Oppure enigmaticamente accennare alla fecondità del contrasto tra tagliatelle al ragù e cappelletti in brodo.
Ma sinceramente la risposta è molto più terra terra.
Il saggio Ch’ing-yuan citato all’inizio si riferisce a monti e acque. Due elementi correlati. Non mi piaceva la correlazione tagliatelle e acque. Non è più spontaneo correlare tagliatelle e cappelletti col brodo che ricorda le acque? Si rimane nello stesso ambito culinario, geografico e temporale. Ecco: l’aver messo insieme tagliatelle e cappelletti ha appunto il significato di non aver nessun significato. O no?
Seconda Postfazione
Liberamente ispirato da Lo Zen della tagliatella romagnola di Marco Galizzi (Soc. Editrice “Il Ponte Vecchio”, 2011, Cesena). In particolare la traduzione in vernacolo romagnolo dell’aforisma Zen è nel capitolo: La visione cosmica della tagliatella. Vi ho apportato l’unica modifica dei cappelletti invece delle acque. Di Marco (a p. 34) è anche la ricetta del ragù per le tagliatelle romagnole che ho messo in bocca a Callisto.
Viene citata da Alceo, sia pure in latino, la ricetta cosiddetta “attualizzata” del Ragù alla Bolognese, depositata dall’Accademia Italiana della Cucina presso la Camera di Commercio di Bologna. Ricetta che mi intriga poco per la presenza invasiva di maiale, vino e latte, per non parlar della panna liquida.

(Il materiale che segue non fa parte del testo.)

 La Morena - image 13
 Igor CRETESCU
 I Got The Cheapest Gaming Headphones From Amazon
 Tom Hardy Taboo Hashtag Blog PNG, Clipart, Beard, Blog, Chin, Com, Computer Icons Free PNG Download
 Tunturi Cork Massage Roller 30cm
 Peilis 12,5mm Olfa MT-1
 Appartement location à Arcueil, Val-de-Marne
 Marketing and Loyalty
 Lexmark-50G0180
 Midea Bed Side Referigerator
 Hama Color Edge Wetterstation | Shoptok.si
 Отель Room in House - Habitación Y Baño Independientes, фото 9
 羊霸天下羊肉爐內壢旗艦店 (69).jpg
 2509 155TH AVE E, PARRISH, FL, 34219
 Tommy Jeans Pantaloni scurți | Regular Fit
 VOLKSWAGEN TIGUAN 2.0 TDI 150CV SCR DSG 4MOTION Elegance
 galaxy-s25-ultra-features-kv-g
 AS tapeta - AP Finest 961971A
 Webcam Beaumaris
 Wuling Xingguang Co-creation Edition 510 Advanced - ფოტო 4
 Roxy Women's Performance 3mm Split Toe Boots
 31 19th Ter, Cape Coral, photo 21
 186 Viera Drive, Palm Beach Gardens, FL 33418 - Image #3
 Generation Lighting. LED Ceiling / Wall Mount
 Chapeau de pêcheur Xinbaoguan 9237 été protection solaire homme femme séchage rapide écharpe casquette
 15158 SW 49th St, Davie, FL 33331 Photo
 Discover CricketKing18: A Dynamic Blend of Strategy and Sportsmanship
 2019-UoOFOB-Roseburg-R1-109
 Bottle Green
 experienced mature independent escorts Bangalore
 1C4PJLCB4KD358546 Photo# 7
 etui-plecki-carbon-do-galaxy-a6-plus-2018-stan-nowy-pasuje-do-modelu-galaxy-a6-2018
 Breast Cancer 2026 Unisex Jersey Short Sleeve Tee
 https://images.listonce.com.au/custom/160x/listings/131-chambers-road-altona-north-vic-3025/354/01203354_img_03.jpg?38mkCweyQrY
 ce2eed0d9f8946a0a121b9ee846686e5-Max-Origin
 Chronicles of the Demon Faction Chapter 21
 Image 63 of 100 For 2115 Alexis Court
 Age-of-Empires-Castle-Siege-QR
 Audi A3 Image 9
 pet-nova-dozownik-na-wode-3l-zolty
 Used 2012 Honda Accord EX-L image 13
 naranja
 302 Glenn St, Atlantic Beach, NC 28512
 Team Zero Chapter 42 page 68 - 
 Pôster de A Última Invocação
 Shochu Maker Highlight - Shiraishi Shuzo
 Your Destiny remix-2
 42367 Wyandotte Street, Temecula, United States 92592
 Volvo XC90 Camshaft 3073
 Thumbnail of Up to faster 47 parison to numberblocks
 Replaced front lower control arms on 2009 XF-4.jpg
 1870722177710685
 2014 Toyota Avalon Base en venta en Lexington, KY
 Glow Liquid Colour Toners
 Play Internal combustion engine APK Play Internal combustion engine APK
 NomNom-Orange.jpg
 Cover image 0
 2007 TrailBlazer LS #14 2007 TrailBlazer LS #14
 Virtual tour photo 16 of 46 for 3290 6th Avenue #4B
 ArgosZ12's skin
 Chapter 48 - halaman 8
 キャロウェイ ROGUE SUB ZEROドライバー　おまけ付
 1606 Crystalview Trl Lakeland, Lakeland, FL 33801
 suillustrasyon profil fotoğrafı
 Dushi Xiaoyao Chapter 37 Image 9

Non parlo invece dell’altra grande categoria di ragù, quelli fatti con un unico pezzo di carne non macinata che sarà il secondo piatto dopo la pastasciutta. Sono tipici del meridione d’Italia. Un magistrale esempio in Sabato, domenica e lunedì di Eduardo De Filippo. E anche loro nascondono un profondo simbolismo.